On power8 LE, we see a 11% improvement for lbm and 28% improvement for mcf (SPEC2006).

I tried the following test on ARM and X86.

$ cat branchC.ll
; RUN: llc -mcpu=generic -mtriple=x86_64-unknown-linux -verify-machineinstrs < %s | FileCheck %s
; RUN: llc -mtriple=armv6-unknown-linux-gnu < %s | FileCheck %s
; RUN: llc -verify-machineinstrs -o - %s -mtriple=aarch64-linux-gnu | FileCheck %s

; Function Attrs: nounwind
define double @testBranchCoal(double %a, double %b, double %c, i32 %x) {
entry:

%test = icmp eq i32 %x, 0
%tmp1 = select i1 %test, double %a, double 2.000000e-03
%tmp2 = select i1 %test, double %b, double 0.000000e+00
%tmp3 = select i1 %test, double %c, double 5.000000e-03

%res1 = fadd double %tmp1, %tmp2
%result = fadd double %res1, %tmp3
ret double %result

}

This does not affect ARM since the LLVM IR produced does not conform to the pattern we expected.
For X86, the branches were not coalesced since the terminator produced contain implicit operands. This code will only coalesce branches whose terminators contain explicit operands.
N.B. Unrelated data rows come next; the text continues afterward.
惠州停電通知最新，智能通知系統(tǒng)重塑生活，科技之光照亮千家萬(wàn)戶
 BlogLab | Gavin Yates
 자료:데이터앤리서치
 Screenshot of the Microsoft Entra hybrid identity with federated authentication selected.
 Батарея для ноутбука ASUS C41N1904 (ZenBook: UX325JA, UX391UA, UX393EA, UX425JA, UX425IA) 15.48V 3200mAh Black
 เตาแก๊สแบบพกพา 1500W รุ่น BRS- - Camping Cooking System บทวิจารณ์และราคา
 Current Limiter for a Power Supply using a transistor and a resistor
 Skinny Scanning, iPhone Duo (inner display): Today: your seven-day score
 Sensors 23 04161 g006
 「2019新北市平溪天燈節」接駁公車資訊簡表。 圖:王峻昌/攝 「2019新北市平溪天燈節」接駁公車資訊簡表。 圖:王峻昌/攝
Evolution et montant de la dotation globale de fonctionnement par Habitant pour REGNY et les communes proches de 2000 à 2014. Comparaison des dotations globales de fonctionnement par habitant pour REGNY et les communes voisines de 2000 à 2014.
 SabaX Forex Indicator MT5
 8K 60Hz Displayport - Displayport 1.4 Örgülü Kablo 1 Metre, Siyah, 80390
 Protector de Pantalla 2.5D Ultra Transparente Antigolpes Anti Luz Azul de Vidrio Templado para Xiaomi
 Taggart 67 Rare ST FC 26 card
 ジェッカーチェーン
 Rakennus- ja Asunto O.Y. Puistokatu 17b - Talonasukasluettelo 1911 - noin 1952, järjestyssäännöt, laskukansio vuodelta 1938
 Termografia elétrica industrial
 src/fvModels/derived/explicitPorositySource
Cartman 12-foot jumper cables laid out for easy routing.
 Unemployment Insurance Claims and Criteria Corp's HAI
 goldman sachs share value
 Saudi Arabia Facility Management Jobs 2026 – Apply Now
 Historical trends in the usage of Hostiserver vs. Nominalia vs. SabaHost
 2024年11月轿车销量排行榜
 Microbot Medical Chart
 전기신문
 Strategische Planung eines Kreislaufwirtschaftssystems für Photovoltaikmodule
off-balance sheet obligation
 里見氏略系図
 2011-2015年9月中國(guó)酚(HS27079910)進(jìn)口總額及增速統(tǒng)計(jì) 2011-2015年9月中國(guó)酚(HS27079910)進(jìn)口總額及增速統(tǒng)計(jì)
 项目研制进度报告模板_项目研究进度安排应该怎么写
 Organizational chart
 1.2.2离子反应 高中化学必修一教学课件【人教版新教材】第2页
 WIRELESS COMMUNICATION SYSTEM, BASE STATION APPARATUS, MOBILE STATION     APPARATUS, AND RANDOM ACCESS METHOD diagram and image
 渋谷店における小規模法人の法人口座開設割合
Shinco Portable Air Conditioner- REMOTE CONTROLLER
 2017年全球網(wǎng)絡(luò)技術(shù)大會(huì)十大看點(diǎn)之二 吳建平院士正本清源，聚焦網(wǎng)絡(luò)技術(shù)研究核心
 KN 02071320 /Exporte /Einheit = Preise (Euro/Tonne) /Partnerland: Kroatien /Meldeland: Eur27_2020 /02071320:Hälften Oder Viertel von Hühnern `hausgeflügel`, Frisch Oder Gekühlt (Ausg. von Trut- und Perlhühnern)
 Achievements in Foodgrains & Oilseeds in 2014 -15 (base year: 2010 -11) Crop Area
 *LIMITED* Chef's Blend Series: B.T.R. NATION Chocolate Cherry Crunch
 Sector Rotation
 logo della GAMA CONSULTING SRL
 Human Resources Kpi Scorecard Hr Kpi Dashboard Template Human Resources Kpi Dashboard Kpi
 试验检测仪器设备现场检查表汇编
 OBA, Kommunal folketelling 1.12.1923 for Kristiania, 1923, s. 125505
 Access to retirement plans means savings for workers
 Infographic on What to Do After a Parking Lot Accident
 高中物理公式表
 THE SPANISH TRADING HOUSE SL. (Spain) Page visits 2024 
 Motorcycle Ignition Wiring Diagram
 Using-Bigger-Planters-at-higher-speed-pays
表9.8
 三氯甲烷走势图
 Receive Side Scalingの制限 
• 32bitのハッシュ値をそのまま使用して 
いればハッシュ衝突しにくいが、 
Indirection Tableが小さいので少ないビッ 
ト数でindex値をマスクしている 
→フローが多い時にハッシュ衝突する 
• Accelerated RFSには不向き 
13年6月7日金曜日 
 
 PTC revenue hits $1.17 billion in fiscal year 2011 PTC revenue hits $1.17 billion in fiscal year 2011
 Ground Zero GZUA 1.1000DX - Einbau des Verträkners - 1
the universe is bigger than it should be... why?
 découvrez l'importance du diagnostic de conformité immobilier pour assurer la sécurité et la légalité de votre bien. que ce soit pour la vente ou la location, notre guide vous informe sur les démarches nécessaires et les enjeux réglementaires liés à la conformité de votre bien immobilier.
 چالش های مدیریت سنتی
This is originally reported in: https://llvm.org/bugs/show_bug.cgi?id=25219

Diff Detail

Repository
rL LLVM
There are a very large number of changes, so older changes are hidden. Show Older Changes
lei added inline comments.Jan 24 2017, 12:50 PM
lib/CodeGen/BranchCoalescing.cpp
409 ↗(On Diff #82932)

will update to use range version of splice()

lei marked an inline comment as done.Jan 24 2017, 9:01 PM
lei added inline comments.
lib/CodeGen/BranchCoalescing.cpp
608 ↗(On Diff #82932)

The same kind of checks are needed for function canMerge and mergeCandidate, Put the checks into function validateCandidates() and call it to verify MBBs and do an early exit if returns false.

lei marked an inline comment as done.Jan 25 2017, 8:46 AM
lei added inline comments.
lib/CodeGen/BranchCoalescing.cpp
442 ↗(On Diff #82932)

will remove this redundant check since MI.defs() return register definitions.

lei updated this revision to Diff 85784.Jan 25 2017, 10:55 AM

Updated patch to address all the review comments from Nemanja.

lei updated this revision to Diff 86082.Jan 27 2017, 11:21 AM

Add guard to only verify MF which this pass have modified.

lei added a comment.Feb 7 2017, 10:46 AM

Just a friendly reminder that this patch is waiting to be reviewed. Thanks!

kbarton accepted this revision.Feb 8 2017, 12:10 PM

Aside from a couple minor comments, this LGTM.

It would be good if @hfinkel or @echristo could take a look also.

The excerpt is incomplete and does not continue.